Exercise materials:
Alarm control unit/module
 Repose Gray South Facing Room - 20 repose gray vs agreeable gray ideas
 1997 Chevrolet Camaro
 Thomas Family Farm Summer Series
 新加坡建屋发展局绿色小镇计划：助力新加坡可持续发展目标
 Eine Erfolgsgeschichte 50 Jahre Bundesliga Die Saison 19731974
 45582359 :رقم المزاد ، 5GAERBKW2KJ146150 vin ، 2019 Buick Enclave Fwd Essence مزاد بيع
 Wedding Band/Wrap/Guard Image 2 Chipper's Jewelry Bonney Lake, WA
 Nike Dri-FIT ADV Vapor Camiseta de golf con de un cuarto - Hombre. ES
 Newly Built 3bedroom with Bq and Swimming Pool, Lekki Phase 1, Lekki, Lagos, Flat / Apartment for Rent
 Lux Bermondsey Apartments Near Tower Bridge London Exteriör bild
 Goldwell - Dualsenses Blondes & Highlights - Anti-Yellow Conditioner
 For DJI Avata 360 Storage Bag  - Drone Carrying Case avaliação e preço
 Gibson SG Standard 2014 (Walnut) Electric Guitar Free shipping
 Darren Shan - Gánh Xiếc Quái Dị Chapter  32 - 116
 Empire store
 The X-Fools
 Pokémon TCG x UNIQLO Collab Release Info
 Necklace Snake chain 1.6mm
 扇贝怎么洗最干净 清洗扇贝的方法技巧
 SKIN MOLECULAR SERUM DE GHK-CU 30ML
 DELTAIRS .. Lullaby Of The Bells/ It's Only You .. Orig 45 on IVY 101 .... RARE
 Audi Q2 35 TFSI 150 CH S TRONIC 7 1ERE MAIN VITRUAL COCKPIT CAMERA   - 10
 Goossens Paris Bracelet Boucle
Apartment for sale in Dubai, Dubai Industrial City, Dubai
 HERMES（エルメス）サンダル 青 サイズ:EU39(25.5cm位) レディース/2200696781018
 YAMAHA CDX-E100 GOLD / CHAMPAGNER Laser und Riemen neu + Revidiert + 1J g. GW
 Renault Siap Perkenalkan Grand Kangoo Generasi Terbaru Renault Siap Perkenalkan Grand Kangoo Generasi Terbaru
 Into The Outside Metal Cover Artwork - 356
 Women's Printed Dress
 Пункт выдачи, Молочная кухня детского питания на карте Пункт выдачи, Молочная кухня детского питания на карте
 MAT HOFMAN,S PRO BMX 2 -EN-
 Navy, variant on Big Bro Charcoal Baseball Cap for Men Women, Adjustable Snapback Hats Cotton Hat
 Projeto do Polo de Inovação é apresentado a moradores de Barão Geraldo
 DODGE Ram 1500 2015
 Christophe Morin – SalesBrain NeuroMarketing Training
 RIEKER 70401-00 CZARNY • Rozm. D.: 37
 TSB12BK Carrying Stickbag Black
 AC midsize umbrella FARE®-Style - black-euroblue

Work instruction: Count how many lines in the entries hold "Carrying" and reply with that number alone.

Reply to the task: 2